▶ What you should do
Exactly the lines from the line that has "Set of Paris sketches" through the final line below are to be retyped, and the pictures are not.

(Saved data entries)

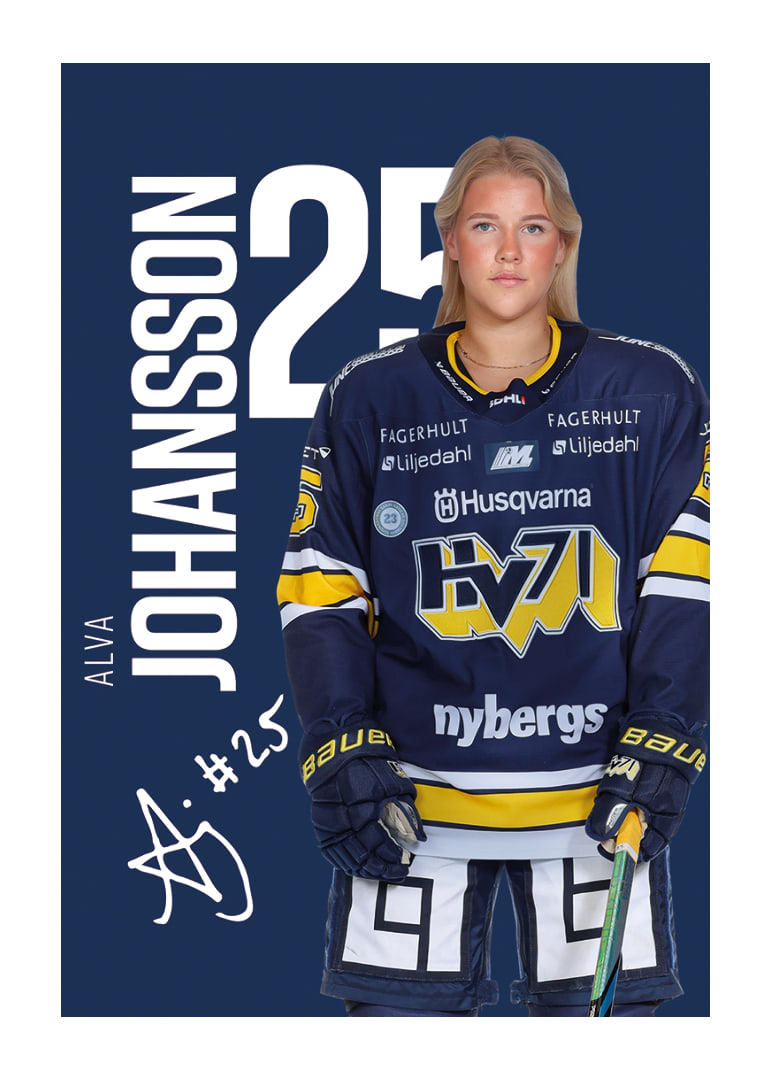 Alva Johansson #25 HV71 2025/2026-12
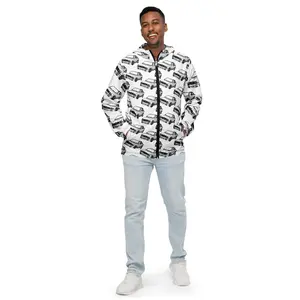 Racing Inspired All-Over Windbreaker with YOUR CAR (M3 shown)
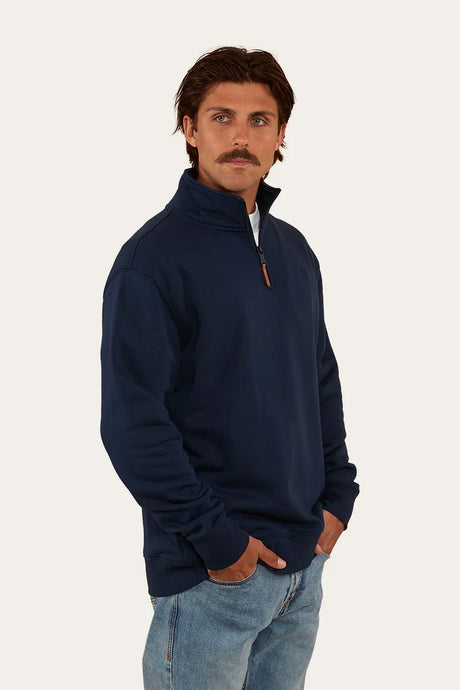 Ringers Western Mens Strand 1/4 Zip Crew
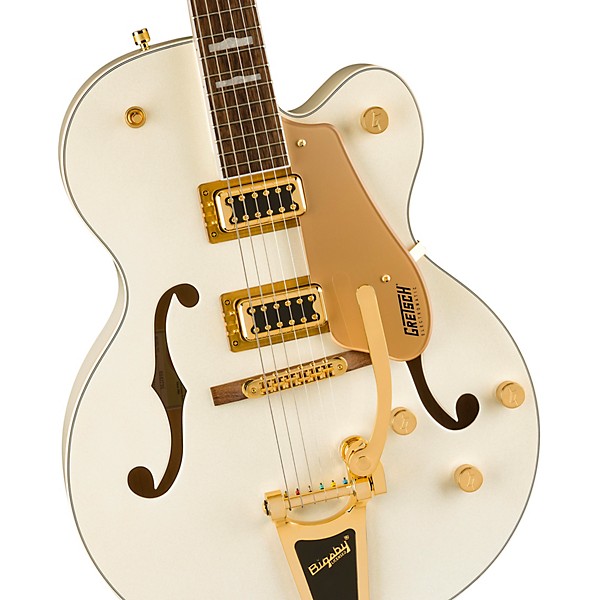 Gretsch Guitars G5427TG Electromatic Hollowbody Single-Cut Bigsby Limited-Edition Electric Guitar Champagne White Gold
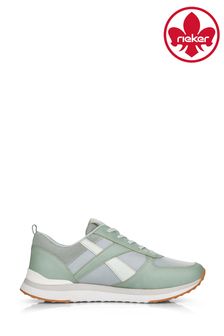 Rieker Womens Green Evolution Lace-up Trainers (C53182) | ₪ 349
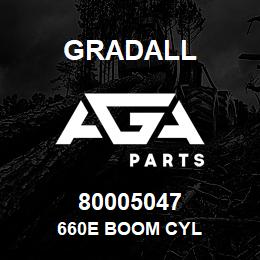 80005047 Gradall 660E BOOM CYL | AGA Parts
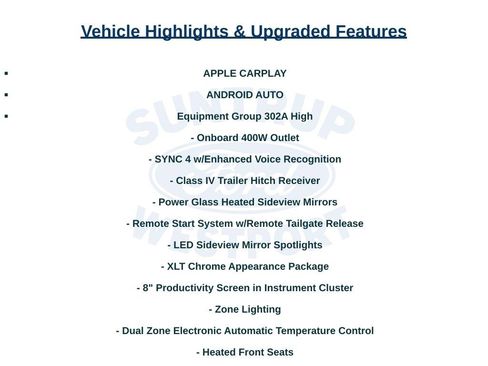 Used 2022 Ford F150 XLT w/ Equipment Group 302A High AWD/4WD image 7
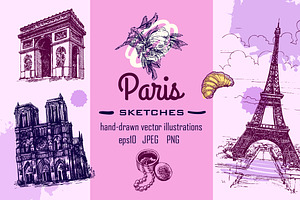 Set of Paris sketches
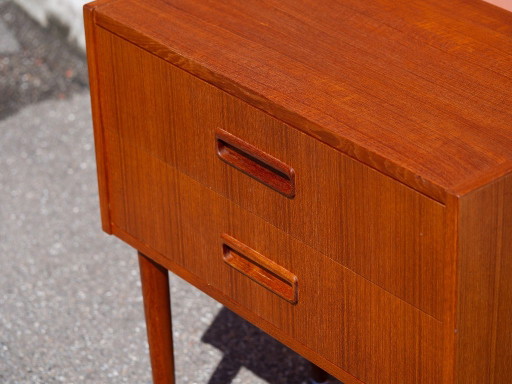 Deense vintage teakhouten ladekast uit de jaren 60 – ladekasten, Wood (photo 2 of 12)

▶ Reply to the task
 Set of Paris sketches
 Deense vintage teakhouten ladekast uit de jaren 60 – ladekasten, Wood (photo 2 of 12)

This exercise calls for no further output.